For flocculation assays, the K. marxianus recombinant clones were incubated, either in aerobic or anaerobic conditions, in two different types of media (YPD or YNB plus glucose, respectively) and two different temperatures (30°C and 42°C). Aerobic cultures were grown in 50 mL batches, in 250 mL flasks, with shaking (200 rpm); whereas the anaerobic cultures were grown in 50 mL tubes, containing 45 mL of medium, with gentle shaking (50 rpm). The media were inoculated with 2% (v/v) of cell suspension in water, from a fresh culture in YPD broth, and incubated either at 30°C or 42°C until the beginning of stationary phase. Flocculating cells were visualized in a 50 mL graduate cylinder by measuring the amount of sedimenting cells present in the suspension after vigorous vortexing.
Yeast growth assays
One colony from each flocculent phenotype, as well as from the wild-type, was selected and inoculated into a 50 mL flask, containing 10 mL YPD medium, and incubated for 16 hours at 30°C in a rotary shaker at 250 rpm. One milliliter of the above cultures was then inoculated into a 250 mL flask, containing 50 mL of YPD medium, and incubated for 5 hours under the conditions described above. The cells were collected by centrifugation and successively washed with 100 mM EDTA, 30 mM EDTA and distilled water (all under sterile conditions). The O.D., at 600 nm, of the cultures was then measured and equal cell amounts inoculated into three 250 mL flasks containing 50 mL YPD medium. The biomass thus generated was determined and estimated as dry cell weight produced after 24 h of growth at either 30°C or 42°C.
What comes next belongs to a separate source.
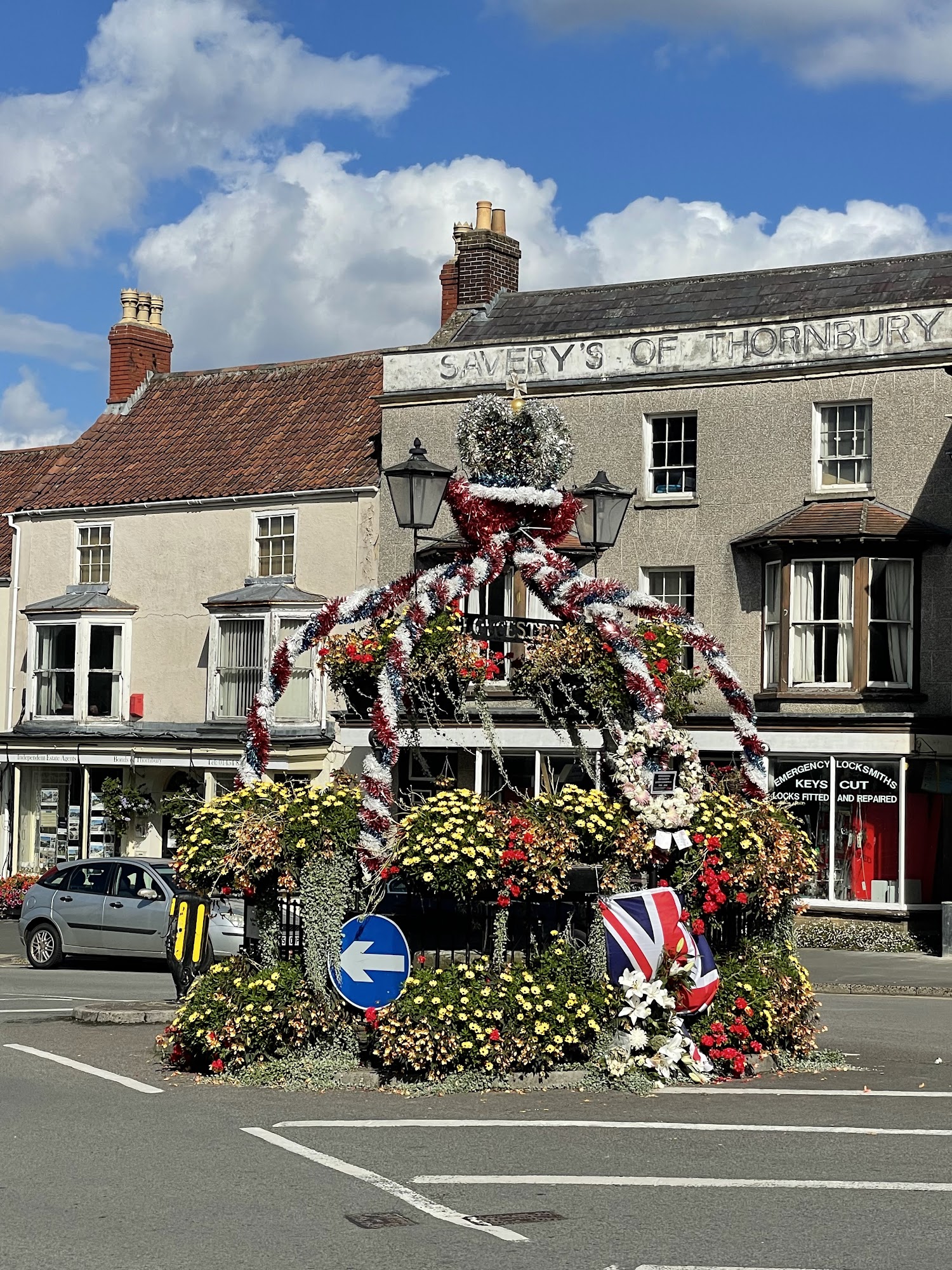 Bonds Of Thornbury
K. marxianus fermentations
One colony from each yeast strain was inoculated into 50 mL flasks containing 10 mL of YPD medium and incubated at 30°C for 16 h with shaking (250 rpm). One milliliter from each of the cultures was inoculated into a 250 mL flask, containing 50 mL of YPD medium, and incubated for 5 hours under the above conditions. The cells were then collected by centrifugation and successively washed with 100 mM EDTA, 30 mM EDTA and distilled water (with all procedures carried out under sterile conditions). Finally, the cells were re-suspended in 5 mL of distilled water and their O.D. at 600 nm determined. The cellular suspension was then adjusted to OD620 = 100 and 50 mL Falcon tubes, containing 45 mL of YPD10, were inoculated with enough yeast cells to obtain an initial OD600 = 1. The cultures were statically grown, at either 30 or 42°C, for 12 and 24 hours. These fermentation assays were carried out in triplicate. At the end of their incubation time, the cells were collected by centrifugation and the growth supernatants stored at -20°C until use.
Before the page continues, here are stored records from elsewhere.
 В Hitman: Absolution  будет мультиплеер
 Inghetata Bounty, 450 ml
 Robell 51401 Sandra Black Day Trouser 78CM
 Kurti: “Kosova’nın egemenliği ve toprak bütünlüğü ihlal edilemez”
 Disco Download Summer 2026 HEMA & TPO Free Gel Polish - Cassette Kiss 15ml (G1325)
Ethanol production and fermentation efficiency
The ethanol concentration of the above supernatants was measured using an Ethanol Determination Kit (R-Biopharm, Darmstadt, Germany) following the manufacturer's instructions. Reducing sugars in the medium were determined according to the Somogyi-Nelson (Nelson, ) procedure. The fermentation efficiency was estimated as the maximal theoretical ethanol yield per substrate consumed.
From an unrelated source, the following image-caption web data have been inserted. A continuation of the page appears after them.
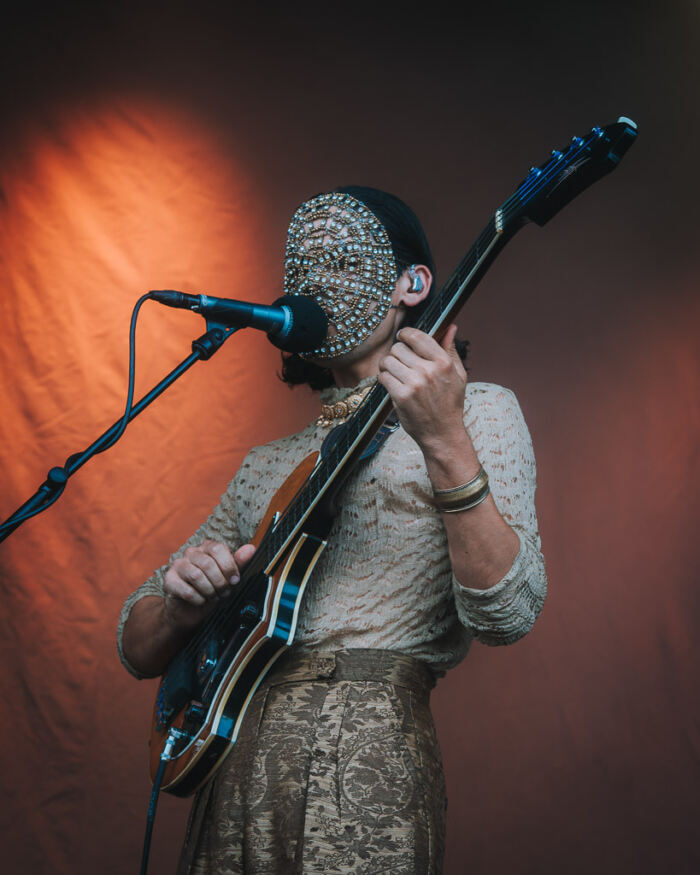 Glass Beams during Lollapalooza Berlin (2024) - Foto: Adina Scharfenberg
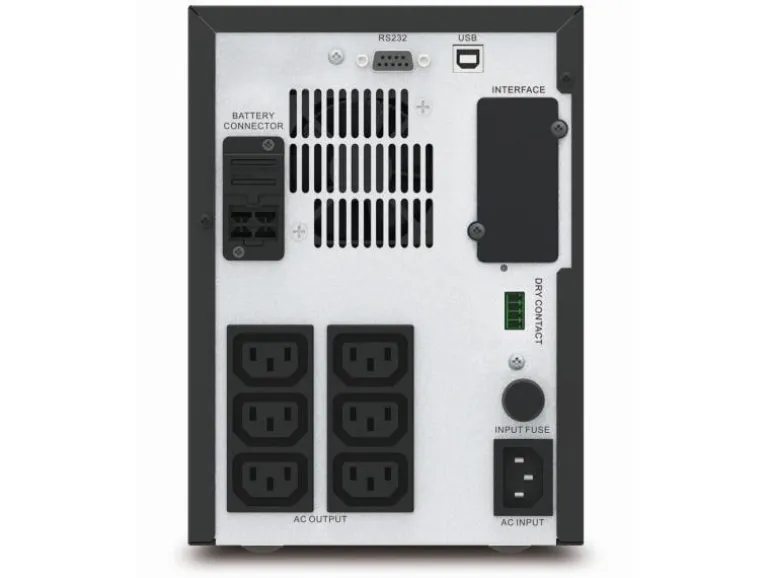 APC USV SMV1500CAI 1500 VA / 1050 W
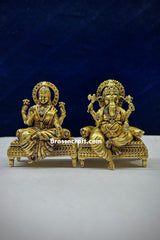 Light Weight Choki Laxmi Ganesh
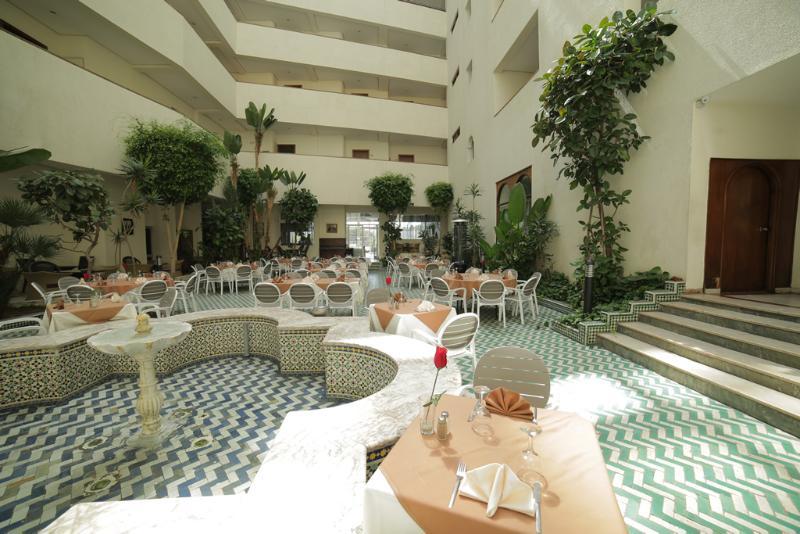Hotel Suisse 카사블랑카 외부 사진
EPG activity was qualitatively detected on plates containing 6.7 g/L of YNB, 5 g/L of glucose, 5 g/L of polygalacturonic acid (Sigma), and 20 g/L of bacteriological agar (Difco), with the pH adjusted to 5.4. Plates were incubated at 30°C for 72 h, and the enzyme activity visualized by the diameter of the hydrolysis haloes produced after the plates had been flooded with 6 M HCl (Zink and Chatterjee, ). The EPG activity was measured in the culture supernatant by estimating the increase in the reducing power, using 1% (w/v) polygalacturonic acid in 50 mM sodium acetate buffer (pH 5.0) as the substrate, at 37°C for 10 min (Nelson, ). A typical reaction mixture contained 400 μL of substrate and 100 μL of the appropriate supernatant dilution. One unit of EPG activity was defined as the amount of enzyme needed to produce 1 μmol/min of galacturonic acid, or equivalent reducing power, under these conditions.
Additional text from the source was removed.